Ou seja, espíritas, nós não encontraremos em “O Evangelho segundo o Espiritismo” tudo o que está contido nos evangelhos “bíblicos”, em termos de passagens, feitos, pregações, parábolas e ditos de Jesus, pois foram desconsiderados todos os trechos destes últimos que fossem, apenas, expressões da liturgia cristã e que são o fundamento de afirmação de cânones, mandamentos ou sacramentos, em especial do Catolicismo. Interessa para o Espiritismo aquilo que é, em essência, verdadeiro, e que teria, de fato, acontecido há dois mil anos, distante do mitológico e mítico criado e conservado, culturalmente, séculos após séculos, em cima do personagem “Cristo”, que difere, frontalmente, do Jesus humano, histórico, real e, por extensão, espírita.

É por isso que intitulamos estes escritos como “Jesus, Espírito Espírita”. Espírito, porque é a condição de todos nós, seres inteligentes da criação, considerado, aí, também a circunstância de “sermos deuses”, como o próprio Rabi o afirmou, para nos intuir a realizações futuras, posto que tudo o que ele fez também nós pode(re)mos fazer.
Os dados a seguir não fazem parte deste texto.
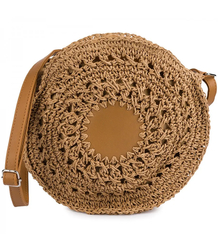 Kulatá pletená boho kabelka s dlouhým popruhem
Espírita, porque o Espiritismo é uma filosofia atemporal, com o compromisso de manter-se atualizada e compatível com a progressão do mundo, uma referência plena e permanente em termos de explicação das questões que envolvem o binômio espírito-matéria, considerados estes, pela teoria espírita, como dois dos três elementos básicos, ao que se vincula e acresce o primordial, a causa primeira, Deus. Os fundamentos do Espiritismo, sabemos, foram trazidos por Jesus de Nazaré, há dois mil anos, e a própria Introdução de “O Evangelho segundo o Espiritismo” também vincula todo este processo de crescimento e entendimento espiritual ao ponto inicial, situado na Antiguidade, com a doutrina de Sócrates e Platão. Este conjunto se materializa em Jesus e permanece, indefinidamente, como a consagração do “prometido consolo” do Evangelho de João – “eu rogarei ao Pai e ele vos enviará o Consolador” – e permite que conheçamos, a partir dos próximos artigos que aqui estarão sendo veiculados, a grandeza e a completude do Espírito Superior Jesus de Nazaré, Guia e Modelo para a Humanidade, em todos os seus quadrantes, e consideradas todas as suas afirmações e realizações que são, por isso mesmo, compatíveis com as Leis Espirituais que governam os mundos, e absolutamente vinculadas aos princípios e fundamentos espíritas.

Que possamos, juntos, descortinar a personalidade deste que foi e é um dos Espíritos mais desenvolvidos que já habitaram a Terra. Até a próxima, então!